Rispetto alla disciplina previgente, l'articolo in esame amplia le categorie di dati ricompresi nel regime peculiare di liceità previsto per il trattamento dei dati sensibili, in quanto, mentre l'art. 6 Decisione quadro 2008/977/GAI si riferiva unicamente ai dati personali che rivelano l'origine razziale o etnica, le opinioni politiche, le convinzioni religiose o filosofiche, l'appartenenza sindacale e i dati relativi alla salute e alla vita sessuale, l'attuale art. 7 del d.lgs. n. 51/2018, riferendosi alle categorie di cui all'art. 9 del RGPD, ricomprende anche le diverse categorie dei dati genetici e biometrici.

Per quanto riguarda l'aspetto definitorio, per le nozioni di “dati relativi alla salute”, “dati biometrici” e “dati genetici” si rinvia all'art. 2 d.lgs. n. 51/2018 ed al relativo commento.

Con riferimento a dati che rivelano l'origine etnica e razziale, il considerando 37 della Direttiva (UE) 2016/680 chiarisce che l'utilizzo del termine “origine razziale” nella direttiva non implica, evidentemente, l'accettazione da parte dell'Unione europea di teorie che tentino di dimostrare l'esistenza di razze umane distinte.

L'espressione, infatti, è usata al diverso fine di tutelare le persone dall'eventualità di siffatta catalogazione.

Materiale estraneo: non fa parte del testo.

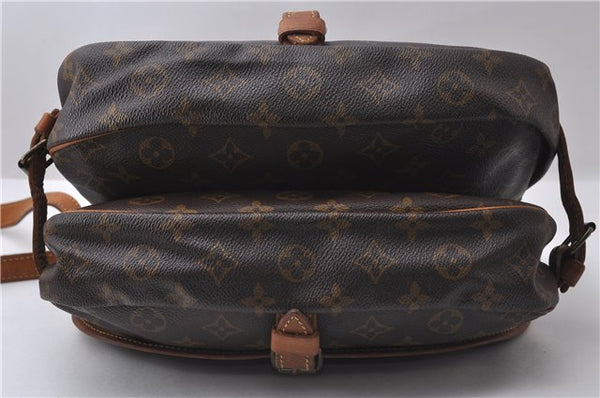 Auth Louis Vuitton Monogram Saumur 30 Shoulder Cross Body Bag M42256 LV 0826D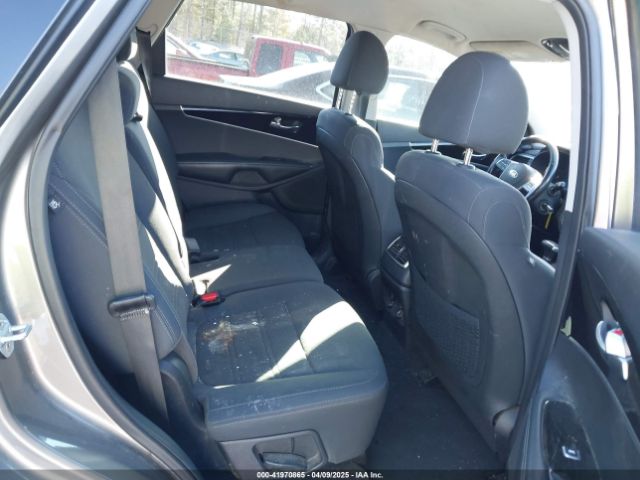 5XYPGDA33KG537470 KIA Sorento 2.4l Lx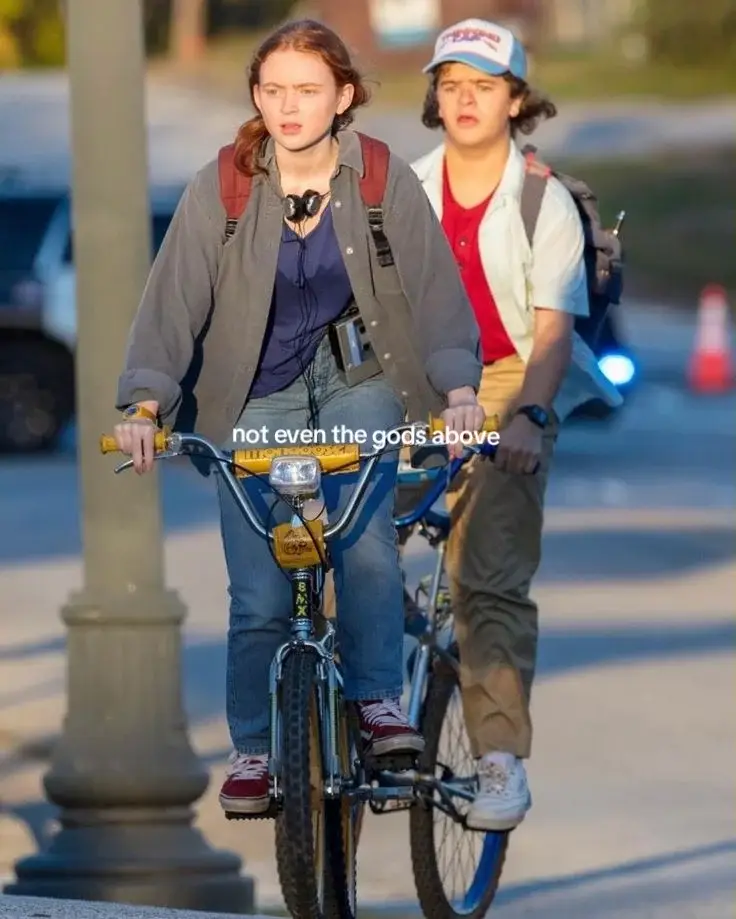 é tão lindo saber que eles são um dos poucos do cast que continuaram a amizade fora das gravações, amo tanto eles 😭😭 #strangerthings #fy #sadiesink #gatenmatarazzo @TikTok 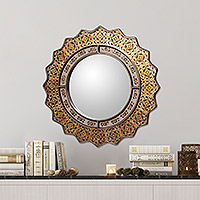 Espejo de vidrio pintado al revés, 'Marigold' - Espejo de pared ovalado de vidrio pintado al revés de Comercio Justo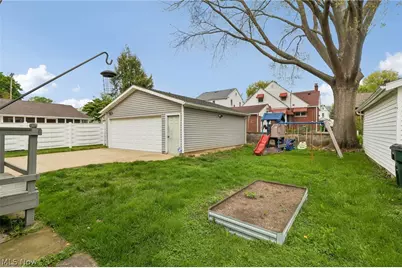403 E Baird Avenue, Barberton, OH 44203 - Photo 33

Quanto ai dati relativi alla vita sessuale e all'orientamento sessuale, la direttiva e il d.lgs. n. 51/2018, parallelamente al Regolamento, hanno ampliato questa categoria rispetto alla legislazione previgente, che faceva riferimento unicamente ai dati relativi alla vita sessuale. In realtà, si ritiene che l'orientamento sessuale potesse anche in passato essere ricondotto alla più generale categoria dei dati idonei a rivelare la vita sessuale (Bolognini, 29).

Condizioni di liceità

Un ulteriore ampliamento si ha, rispetto alla previgente disciplina, con riferimento ai presupposti di liceità per il trattamento di tali dati.

L'art. 6 Decisione quadro 2008/977/GAI prevedeva la possibilità di trattare tali dati solo se strettamente necessario e solo se fossero previste garanzie adeguate da parte della legislazione nazionale.

Secondo l'attuale disciplina, invece, sono previste tre diverse condizioni di liceità per il trattamento delle categorie particolari di dati: trattamento strettamente necessario e assistito da garanzie adeguate per i diritti e le libertà dell'interessato e specificamente previsto dal diritto dell'Unione Europea o da legge o regolamento; trattamento necessario per salvaguardare gli interessi vitali dell'interessato o di altra persona fisica; trattamento di dati resi manifestamente pubblici dall'interessato.

La prima ipotesi riprende sostanzialmente quella già contemplata dalla decisione quadro, prevedendo che il trattamento sia autorizzato solo se strettamente necessario e assistito da garanzie adeguate per i diritti e le libertà dell'interessato e specificamente previsto dal diritto dell'Unione Europea o dalla legge o, nei casi in cui sia indicato dalla legge, da regolamento.

Si noti che la versione originaria dello schema di decreto non faceva riferimento alla stretta necessità, e tale indicazione è stata introdotta solo in seguito a specifiche osservazioni della commissione giustizia del senato elaborate al fine di dare più completa attuazione all'art. 10 Direttiva (UE) 2016/680 (consentendo così di recuperare, si noti, un requisito già presente nella decisione quadro e poi perso nelle formulazioni successive).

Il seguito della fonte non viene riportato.